Economics 345 Applied Econometrics Problem Set 7—Solutions

Economics 345
Applied Econometrics
Problem Set 7—Solutions
Prof: Martin Farnham
Problem sets in this course are ungraded. An answer key will be posted on the course
website within a few days of the release of each problem set. As noted in class, it is
highly recommended that you make every effort to complete these problems before
viewing the answer key.
1) Book Problems 7.1-7.3
7.1
i) Yes, there is evidence that men sleep more than women. The point estimate suggests
that men sleep 88 minutes a week more than women, on average, controlling for other
factors included on the RHS. The t-statistic for the null that the coeff on male equals zero
is 87.75/34.33 which is greater than 2. This indicates clear rejection of the null
hypothesis at the 5% level.
Whether this is a big effect is debatable. We’re talking about 13 minutes a night more
sleep than women. Personally, I would consider this a moderate effect.
ii) Yes, there is a statistically significant tradeoff between working and sleeping. Each
extra minute worked per week leads to about 0.16 fewer minutes of sleep per week.

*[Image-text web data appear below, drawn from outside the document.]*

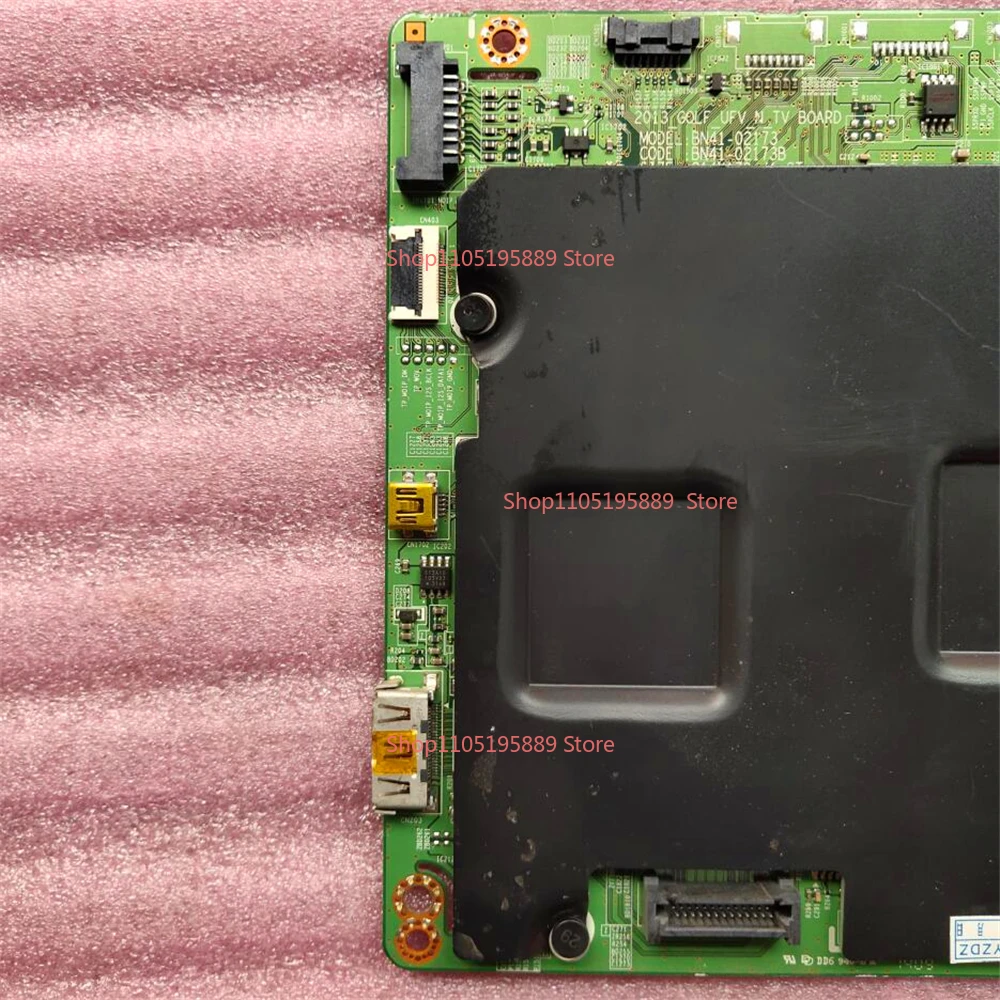 

Хороший тест для материнской платы Samsung un78hu9000f bn94-07049q bn97-08313j UA65HU9000 UN55HU9000F bn94-07049q bn97-08313j BN41-02173B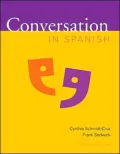 Conversation in Spanish: Points of Departure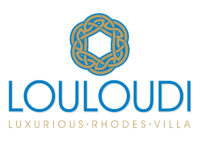 Louloudi Holiday Homes Luxury Villas Rhodes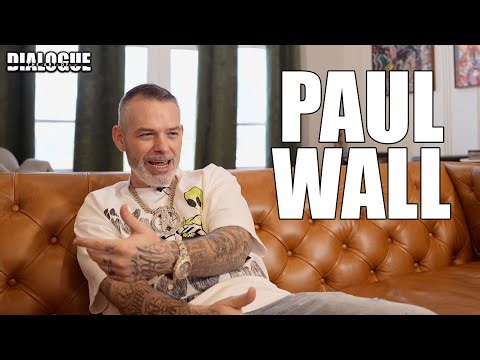 Paul Wall Reveals He Thought It Was a Setup When Asked to Be on Kanye West’s Song “Drive Slow”
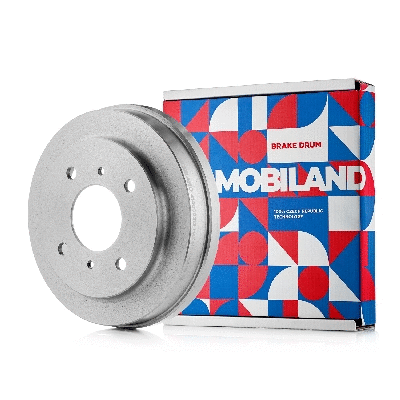Tambour de frein MOBILAND 414000212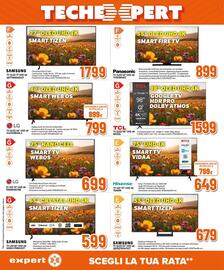 Volantino Expert Pagina 2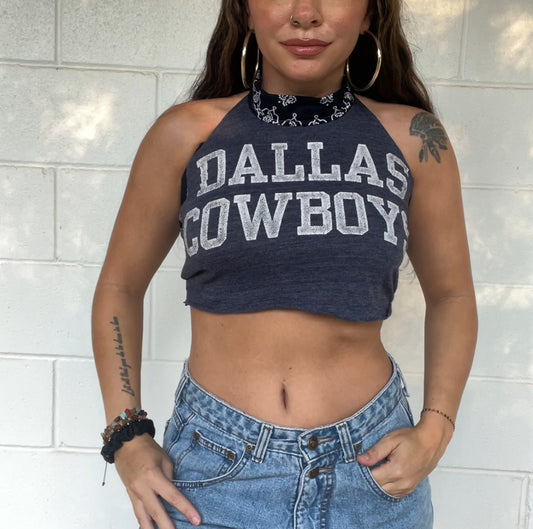 Dallas Cowboys ( xs / s)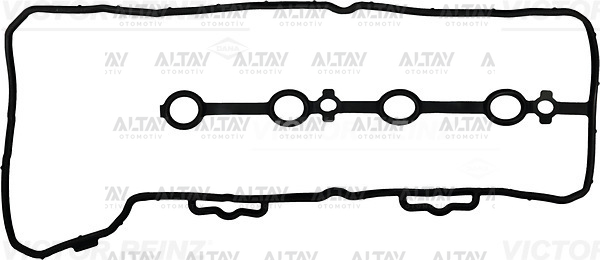 Nissan Juke Motor 2011-2014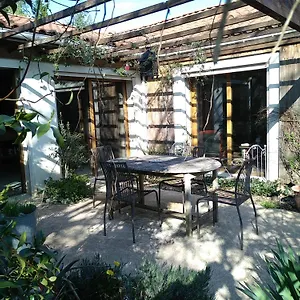  Hébergement de vacances La Plogne France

Judging from the t-statistic (for a null of zero) of -0.163/0.018, this is clearly statistically
significant.
iii) Formally, this null hypothesis is H 0 : β age = 0, β age _ squared = 0 . To test the null
hypothesis we need to estimate the restricted and unrestricted form of the regression, and
conduct an F-test. We’ve estimated the unrestricted form already, so to estimate the
restricted form we’d need to estimate
sleep = β 0 + β1totwrk + β 2 educ + β 5 male + v .
7.2
Note that interpreting coefficients on dummies in log-linear specifications is a bit more
complicated than interpreting coefficients on continuous x variables in log-linear
specifications (by “log-linear” I mean a model where the y variable is in logs, but the x
variables are in levels). Your textbook glosses over this point. For small values, the
coefficient estimate on a dummy variable in a log-linear specification, if multiplied by
100, gives roughly the percent change in y associated with changing the dummy from 0 to
1. But if you consult your lecture notes on dummy variables, you’ll realize this
interpretation is only a rough one, and that for large coefficient values, this
interpretation will be far from the truth. Because the estimates here are fairly small,
we’ll stick to the rough interpretation given by your textbook in these answers. But
consider doing the calculation correctly (per the lecture notes) as an exercise.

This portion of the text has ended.